Light-weight PHP front-end (epiphany, minimal framework) for user
authentication against MYSQL database that just holds user data and nothing
else. CSS3 + HTML5 templates, dynamically rendered/finalised on-the-fly
through AJAX calls and JSON data that gets filled into those templates through
JavaScript. Hosted on a root or virtual server. Can be scaled by duplicating
servers (possibly even EC2) and load-balancing if necessary. Though a good
root server handles 100k users a day without a hitch.

Alternatively: Javascript+HTML5+CSS3 hosted on S3 and authentication run
through the API backend. Traffic-immune, deployable anywhere, easy to test.
Minimal cost. Might feel odd to the user though, when everything just
clicks/works instantly (look how far we've come).

------
JohnMunsch
Back-end I would pick something super popular where solutions are well known
and developers are a commodity. I would pick Java and whatever the best of the
REST APIs is. Use that with some of the most popular database ORM tech, etc.
It's easy to find people and you can find those who know how to make it fast.

For the front-end I'd pick AngularJS personally. I used Backbone.js for a
couple of years so I know what that world is like. Ember.js might be a good
choice as well but it seems like AngularJS is going to swamp it due to
popularity.

I wouldn't generate any pages in the back-end at all (the exception being a
couple of one-off servlets if I have binary files or other things to download
which are more easily generated in the back-end).
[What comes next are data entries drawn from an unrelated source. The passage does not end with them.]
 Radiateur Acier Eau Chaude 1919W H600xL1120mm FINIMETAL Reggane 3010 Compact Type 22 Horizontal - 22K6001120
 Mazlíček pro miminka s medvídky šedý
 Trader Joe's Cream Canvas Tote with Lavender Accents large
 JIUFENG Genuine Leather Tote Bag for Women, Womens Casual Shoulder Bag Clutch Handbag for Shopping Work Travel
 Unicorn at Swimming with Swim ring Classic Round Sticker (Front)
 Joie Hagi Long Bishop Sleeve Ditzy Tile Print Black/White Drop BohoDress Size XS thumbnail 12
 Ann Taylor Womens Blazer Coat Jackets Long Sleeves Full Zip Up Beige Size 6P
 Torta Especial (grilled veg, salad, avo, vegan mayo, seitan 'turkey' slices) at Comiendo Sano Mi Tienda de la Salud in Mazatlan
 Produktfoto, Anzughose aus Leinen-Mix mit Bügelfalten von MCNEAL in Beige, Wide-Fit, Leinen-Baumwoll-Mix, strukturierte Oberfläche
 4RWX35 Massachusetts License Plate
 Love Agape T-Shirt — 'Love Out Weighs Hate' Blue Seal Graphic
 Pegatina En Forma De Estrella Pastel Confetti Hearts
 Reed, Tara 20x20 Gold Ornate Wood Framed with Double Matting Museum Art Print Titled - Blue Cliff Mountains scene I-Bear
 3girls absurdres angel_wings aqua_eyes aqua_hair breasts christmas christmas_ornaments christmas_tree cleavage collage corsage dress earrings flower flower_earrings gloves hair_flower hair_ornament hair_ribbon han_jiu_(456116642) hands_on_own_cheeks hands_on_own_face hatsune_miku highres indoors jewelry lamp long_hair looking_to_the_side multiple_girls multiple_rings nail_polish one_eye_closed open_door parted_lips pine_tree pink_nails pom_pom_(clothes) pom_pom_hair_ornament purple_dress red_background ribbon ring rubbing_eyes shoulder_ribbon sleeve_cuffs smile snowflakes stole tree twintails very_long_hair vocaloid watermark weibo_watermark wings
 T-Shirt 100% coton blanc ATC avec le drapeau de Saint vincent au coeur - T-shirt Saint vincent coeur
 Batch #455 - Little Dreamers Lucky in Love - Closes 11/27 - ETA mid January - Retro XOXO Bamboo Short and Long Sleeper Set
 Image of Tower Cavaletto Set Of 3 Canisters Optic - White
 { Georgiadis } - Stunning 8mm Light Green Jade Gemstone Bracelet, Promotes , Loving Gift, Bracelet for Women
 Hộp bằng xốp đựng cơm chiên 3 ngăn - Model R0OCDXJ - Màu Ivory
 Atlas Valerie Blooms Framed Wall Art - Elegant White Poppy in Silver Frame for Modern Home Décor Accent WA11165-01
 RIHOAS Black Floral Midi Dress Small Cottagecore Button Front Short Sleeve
All pages would be static
HTML, CSS, and JavaScript and rendering would all happen on the front-end.

It's easy to work on, it's easy to figure out where bugs are (just look at the
JSON flowing back and forth), and if you focus 100% of your security on that
API and making sure that you never send anything you shouldn't to the front-
end and that you validate everything the front-end sends to the back to the
n-th degree, you'll never have security woes.

------
veesahni
On the server side, I think it's time for the lightweight web frameworks to
shine - like ruby's sinatra/padrino, python's flask and equivalents in your
language of choice.

On the client side, I think everything still falls in 2 camps - Backbone for
the minimalist, Angular/Ember for the rest.

I'm hoping the web makes progress on the shadow DOM soon, so we can get a
higher level of client side encapsulation.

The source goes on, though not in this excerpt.